-- RECORD EXTRACTS --

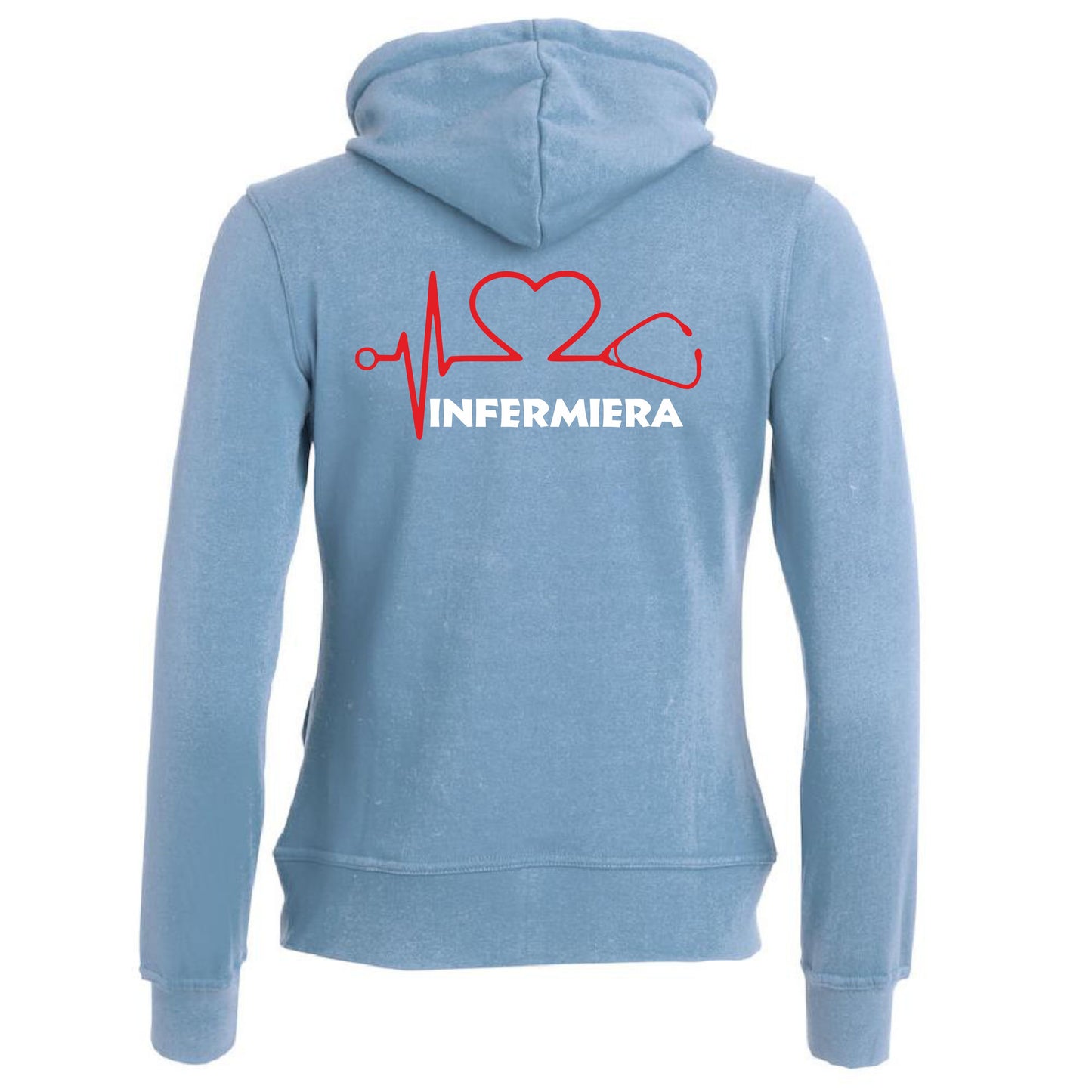 Felpa Donna Infermiera / Dottoressa / OSS Stetoscopio Cuore con Cappuccio e Zip Lunga – PS 02203-002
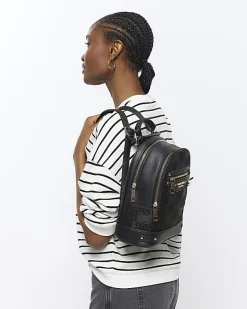 River Island jacquard backpack Black Sale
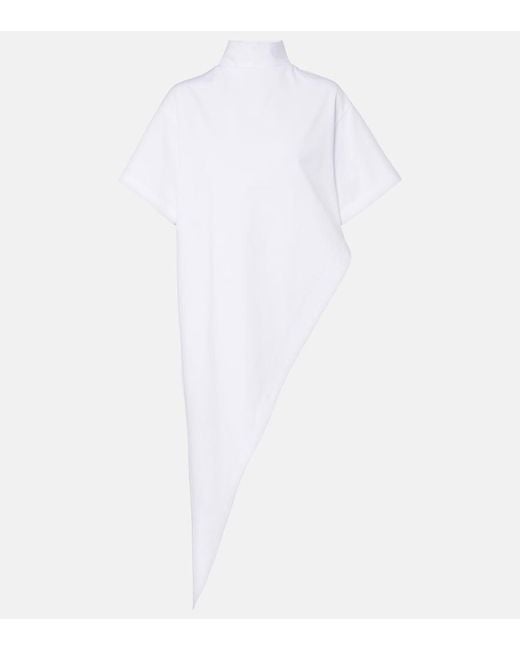 Alaïa White Asymmetric Cotton Jersey T-Shirt
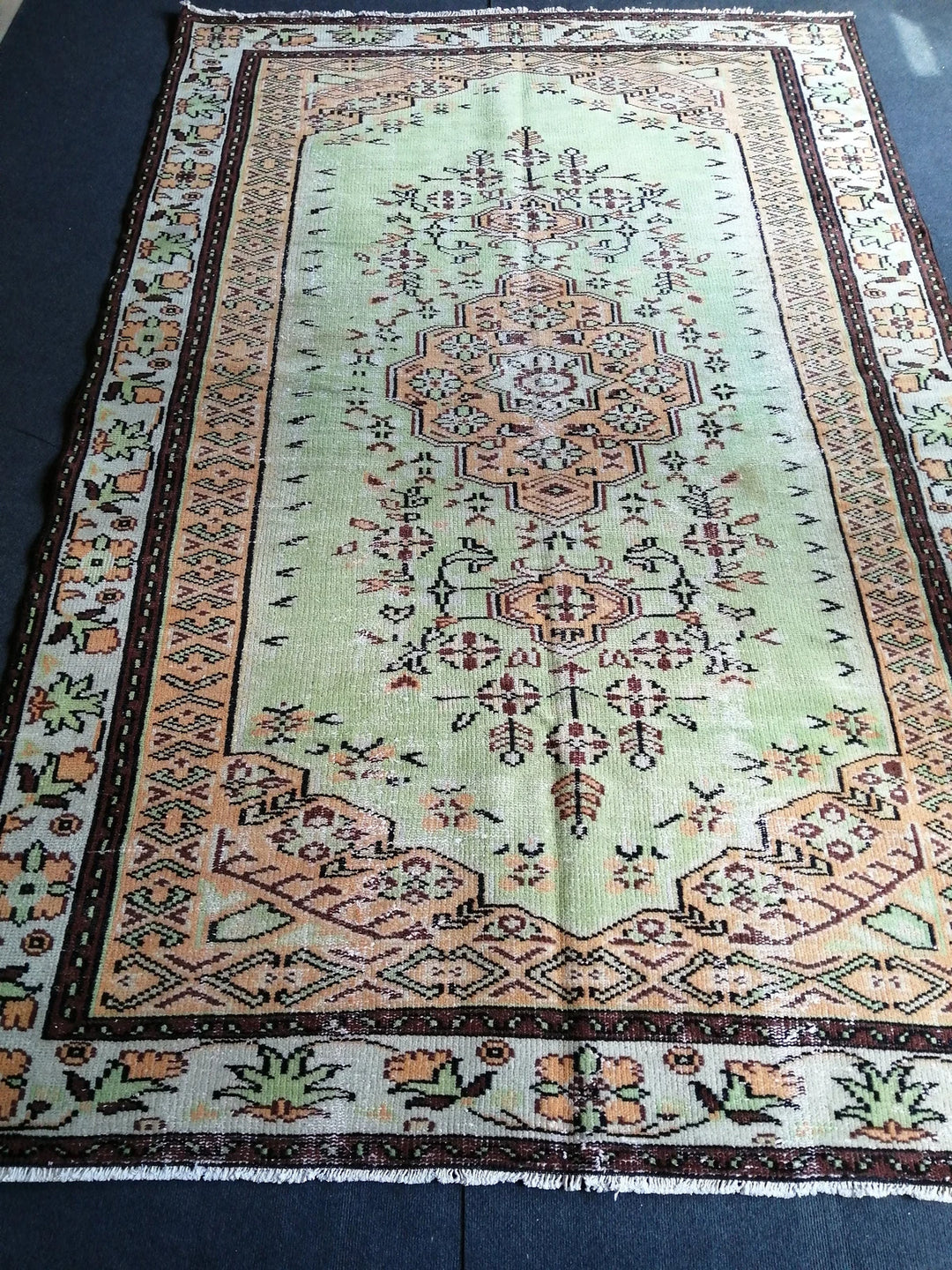 Beige Turkish Runner Rug 6' x 9' 4" Hand-Knotted | No. WR47441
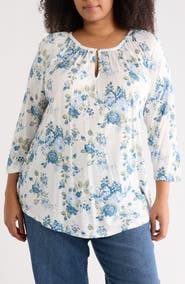 Lucky Brand Floral Raglan Sleeve Top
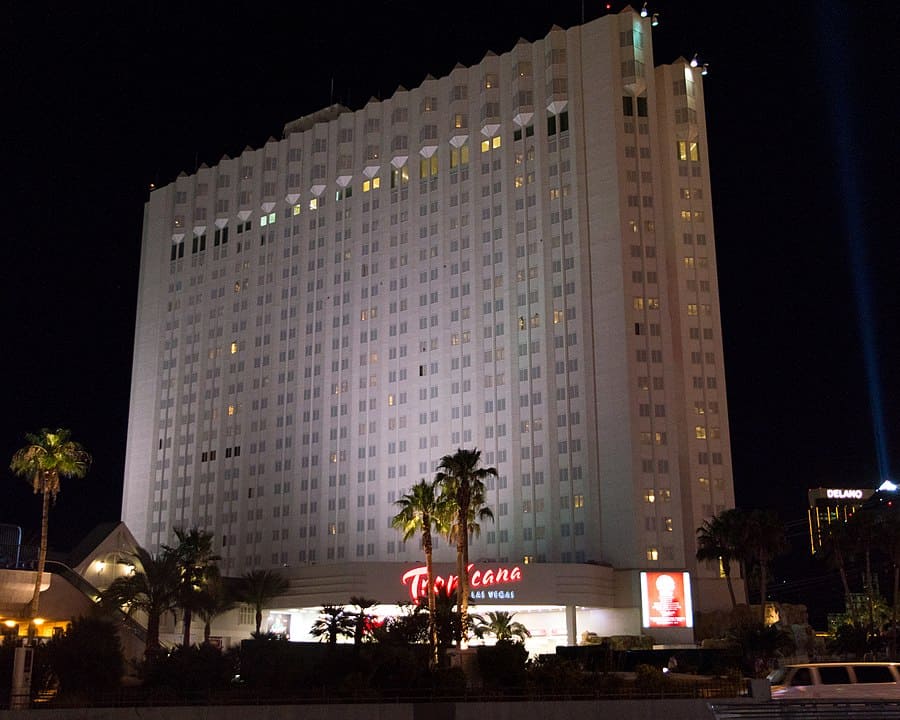 The northeastern facade of the Las Vegas Tropicana hotel by night.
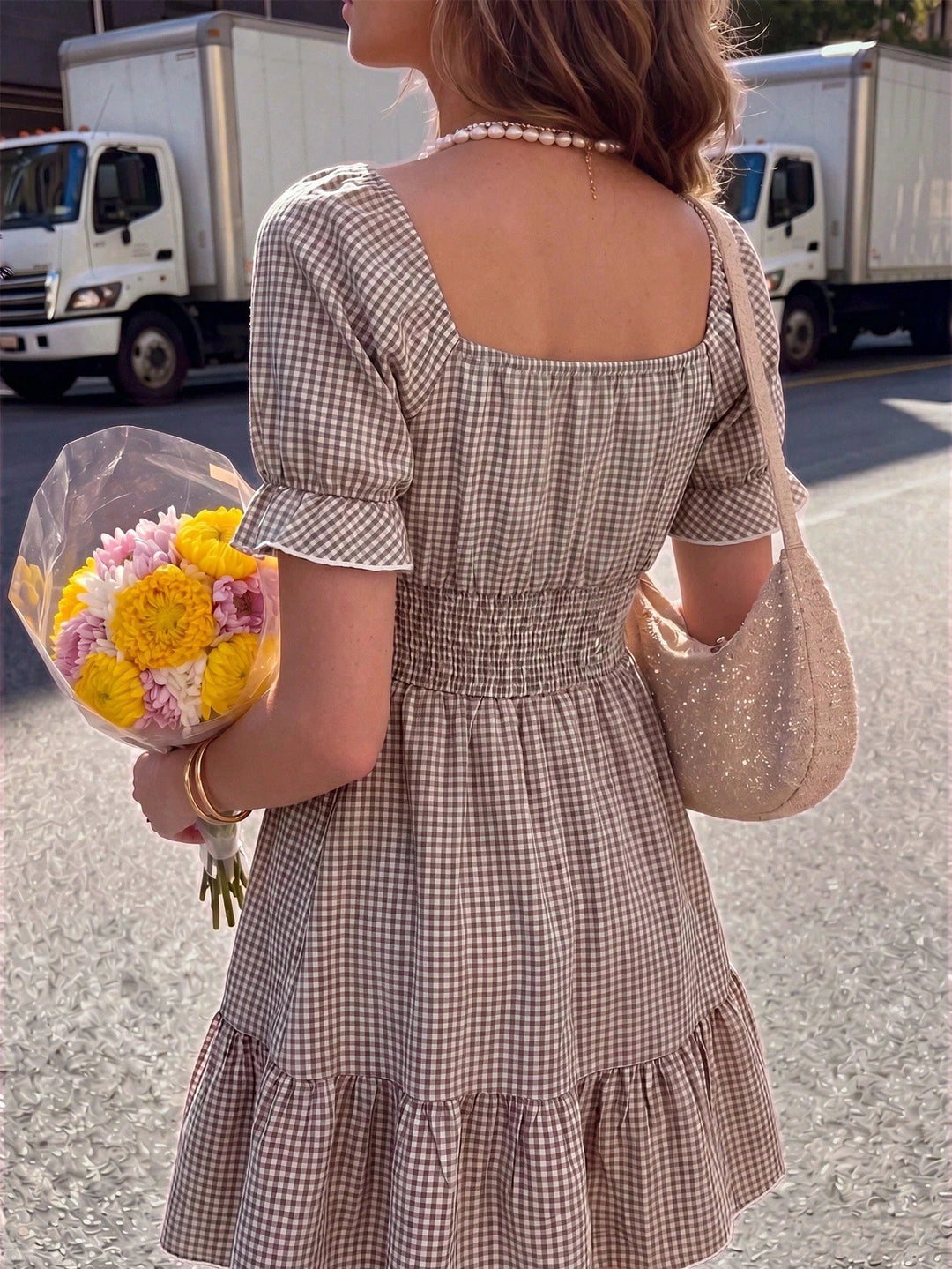 Rochie midi SHEIN, maro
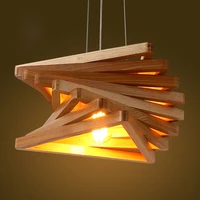 modern brief wood knob pendant light for dinning room and restaurant with e27 lamp 8 pcs triangle woods lamp
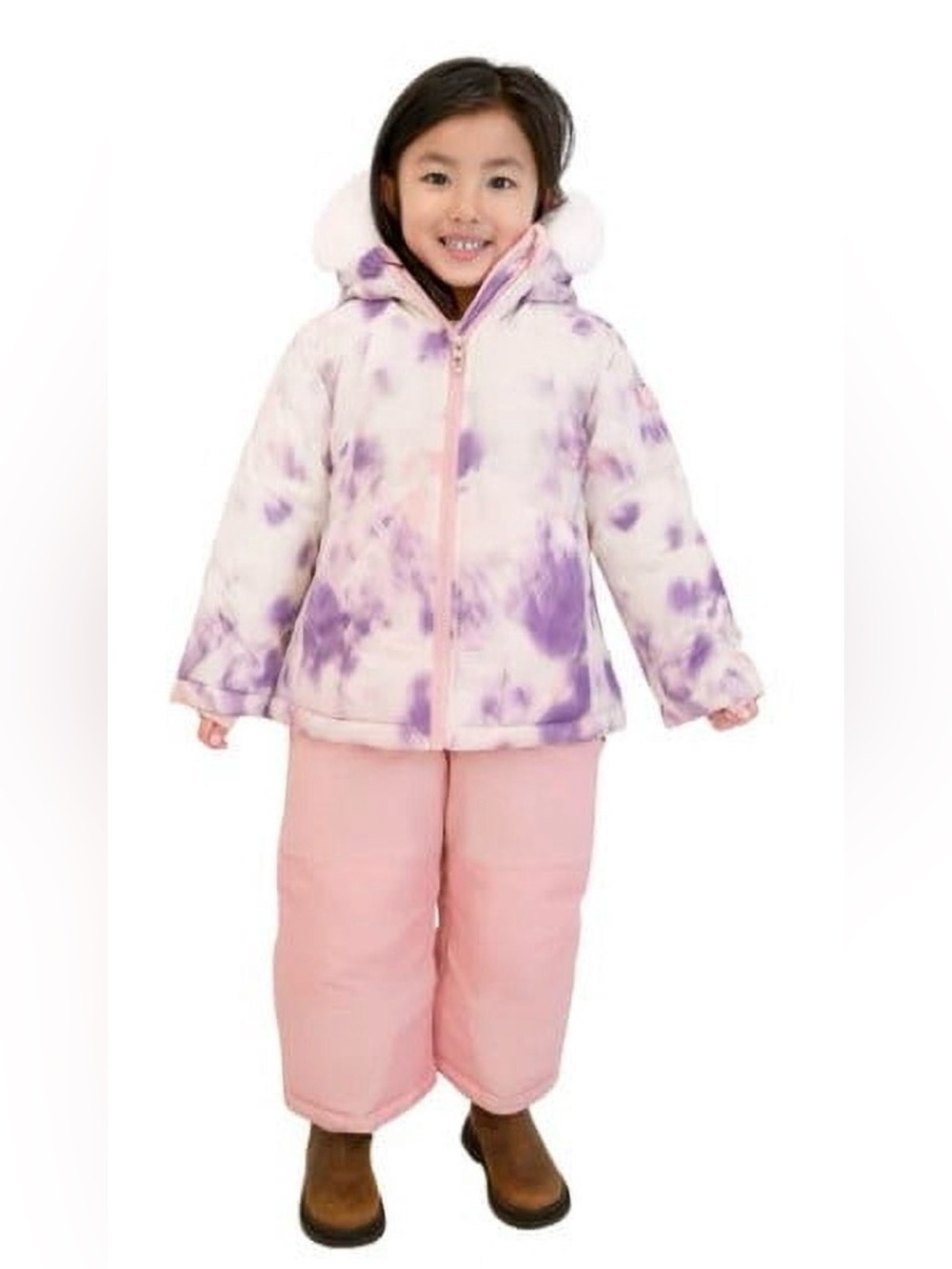 NWT Spyder 2PC Kids Pink and Purple Tie-Dye Hooded Snow Jacket and Snow Suit 2T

-- PROBLEM STATEMENT --
Beginning with the line that contains "River Island jacquard backpack Black Sale" and ending with the last line of the entries above, repeat each line exactly, but not the pictures.

-- ANSWER FOR THE TASK --
 River Island jacquard backpack Black Sale
 Alaïa White Asymmetric Cotton Jersey T-Shirt
 Beige Turkish Runner Rug 6' x 9' 4" Hand-Knotted | No. WR47441
 Lucky Brand Floral Raglan Sleeve Top
 The northeastern facade of the Las Vegas Tropicana hotel by night.
 Rochie midi SHEIN, maro
 modern brief wood knob pendant light for dinning room and restaurant with e27 lamp 8 pcs triangle woods lamp
 NWT Spyder 2PC Kids Pink and Purple Tie-Dye Hooded Snow Jacket and Snow Suit 2T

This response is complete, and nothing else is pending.